2. Experimental section

2.1. Synthesis

Polycrystalline samples were synthesized by a solid-state reaction. A mixture of equal amounts of NaVO3 and Cu2P2O7 was sintered at 823 K for 20 h and then 923 K for 10 h. To grow single crystals, the sintered sample was heated at 1023 K for 2 h and then cooled to 923 K at a rate of 1 K/ h. The obtained crystals had a columnar shape with a diameter of ∼50 µm.

2.2. Electron-probe microanalysis

The chemical composition of the polycrystalline materials was measured using an electron-probe microanalyzer (JXA-8230, JEOL). The prepared samples were polished to form flat surfaces. The normalized Na:Cu:V:P ratio for the three grains was determined to be 0.87 (12):2.014 (7):1.094 (3):2.022 (9), which is close to the stoichiometric chemical composition (Na:Cu:V:P ratio of 1:2:1:2).

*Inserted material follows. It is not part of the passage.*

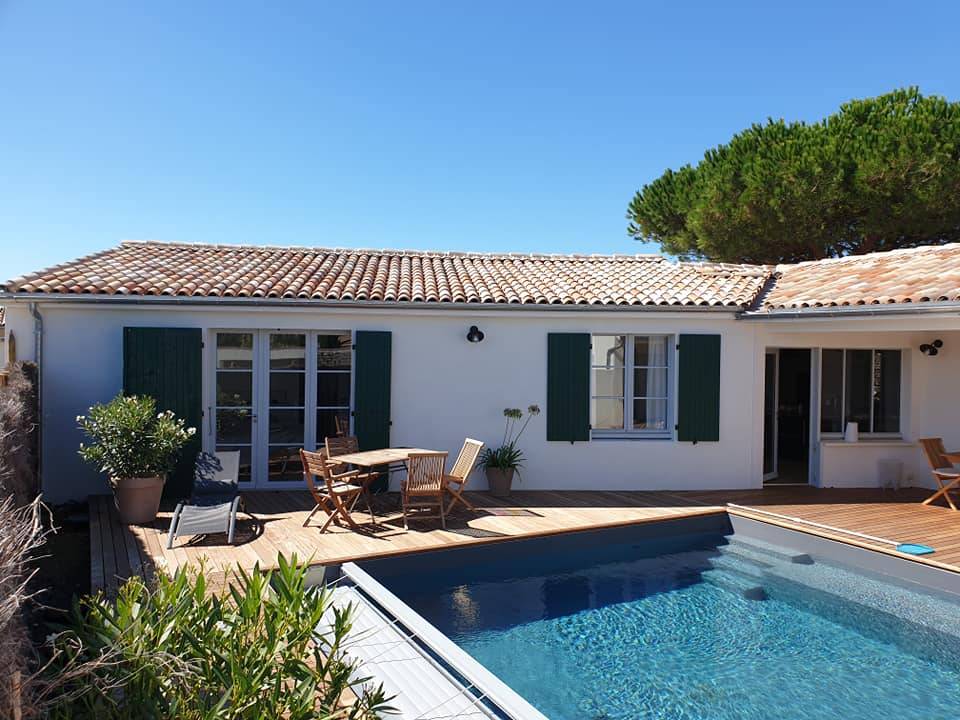 volets-piscine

2.3. Powder X-ray diffraction

To determine the phase purity and estimate the basic structure of the synthesized compounds, we collected powder XRD patterns using a powder X-ray diffractometer (X'Pert Pro Alpha-1, Panalytial) equipped with a high-speed detector and Cu Kα1 X-ray source (45 kV, 40 mA). The scanning range of diffraction angles (2θ) was 5–145°, which was adequate for indexing the diffraction peaks. We confirmed that the samples did not contain any impurity phases by comparing the measured powder XRD patterns with a simulated pattern of the refined structure model of NaCu2VP2O10 (see Fig. S1 in the Supporting information).

2.4. Electron diffraction

Selected-area electron diffraction (SAED) measurements were performed using a transmission electron microscope (JEM-ARM200F, JEOL) operated at 200 kV. The specimen was prepared by crushing the polycrystals; the particles were deposited on a copper grid with a holey carbon support film. We determined the space group by testing the extinction rules of the sample using SAED.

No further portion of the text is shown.